Look below for the line that contains "Building Photo - 939 Melting Snow Way", then copy it and each following line exactly, through and including the line that contains "Louis Vuitton Reverse".
==============================
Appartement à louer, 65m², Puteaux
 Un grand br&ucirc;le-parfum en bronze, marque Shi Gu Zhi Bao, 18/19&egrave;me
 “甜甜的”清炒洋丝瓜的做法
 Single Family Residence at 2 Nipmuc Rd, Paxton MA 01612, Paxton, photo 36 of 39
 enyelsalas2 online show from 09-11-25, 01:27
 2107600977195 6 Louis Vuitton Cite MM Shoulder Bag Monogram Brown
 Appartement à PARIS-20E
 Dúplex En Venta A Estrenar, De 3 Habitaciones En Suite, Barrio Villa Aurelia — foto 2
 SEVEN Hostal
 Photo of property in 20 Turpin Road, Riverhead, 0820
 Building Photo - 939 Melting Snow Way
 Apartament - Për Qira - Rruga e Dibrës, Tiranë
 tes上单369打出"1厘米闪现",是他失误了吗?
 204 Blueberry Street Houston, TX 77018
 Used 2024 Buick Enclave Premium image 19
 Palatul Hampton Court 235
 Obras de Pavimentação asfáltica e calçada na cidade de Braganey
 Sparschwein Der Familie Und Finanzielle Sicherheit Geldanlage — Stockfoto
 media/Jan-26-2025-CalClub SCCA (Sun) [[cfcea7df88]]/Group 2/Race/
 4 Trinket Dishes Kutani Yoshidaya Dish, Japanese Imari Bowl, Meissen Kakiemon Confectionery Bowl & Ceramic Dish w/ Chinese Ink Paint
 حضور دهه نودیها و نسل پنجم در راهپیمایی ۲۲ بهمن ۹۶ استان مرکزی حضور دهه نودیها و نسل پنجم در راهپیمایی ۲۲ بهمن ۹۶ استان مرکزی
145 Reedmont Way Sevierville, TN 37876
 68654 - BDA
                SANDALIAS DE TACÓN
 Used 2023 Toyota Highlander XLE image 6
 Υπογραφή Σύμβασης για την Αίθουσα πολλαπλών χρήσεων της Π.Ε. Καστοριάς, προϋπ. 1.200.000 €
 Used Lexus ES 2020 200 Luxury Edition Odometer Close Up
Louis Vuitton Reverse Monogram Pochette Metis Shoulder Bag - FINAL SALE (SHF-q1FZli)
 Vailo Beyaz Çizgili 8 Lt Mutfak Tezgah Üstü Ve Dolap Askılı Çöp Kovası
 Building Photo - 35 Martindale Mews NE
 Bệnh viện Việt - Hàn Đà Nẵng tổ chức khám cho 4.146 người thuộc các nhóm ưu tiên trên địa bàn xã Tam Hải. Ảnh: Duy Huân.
==============================
SOLUTION TO THE EXERCISE:
 Building Photo - 939 Melting Snow Way
 Apartament - Për Qira - Rruga e Dibrës, Tiranë
 tes上单369打出"1厘米闪现",是他失误了吗?
 204 Blueberry Street Houston, TX 77018
 Used 2024 Buick Enclave Premium image 19
 Palatul Hampton Court 235
 Obras de Pavimentação asfáltica e calçada na cidade de Braganey
 Sparschwein Der Familie Und Finanzielle Sicherheit Geldanlage — Stockfoto
 media/Jan-26-2025-CalClub SCCA (Sun) [[cfcea7df88]]/Group 2/Race/
 4 Trinket Dishes Kutani Yoshidaya Dish, Japanese Imari Bowl, Meissen Kakiemon Confectionery Bowl & Ceramic Dish w/ Chinese Ink Paint
 حضور دهه نودیها و نسل پنجم در راهپیمایی ۲۲ بهمن ۹۶ استان مرکزی حضور دهه نودیها و نسل پنجم در راهپیمایی ۲۲ بهمن ۹۶ استان مرکزی
145 Reedmont Way Sevierville, TN 37876
 68654 - BDA
                SANDALIAS DE TACÓN
 Used 2023 Toyota Highlander XLE image 6
 Υπογραφή Σύμβασης για την Αίθουσα πολλαπλών χρήσεων της Π.Ε. Καστοριάς, προϋπ. 1.200.000 €
 Used Lexus ES 2020 200 Luxury Edition Odometer Close Up
Louis Vuitton Reverse Monogram Pochette Metis Shoulder Bag - FINAL SALE (SHF-q1FZli)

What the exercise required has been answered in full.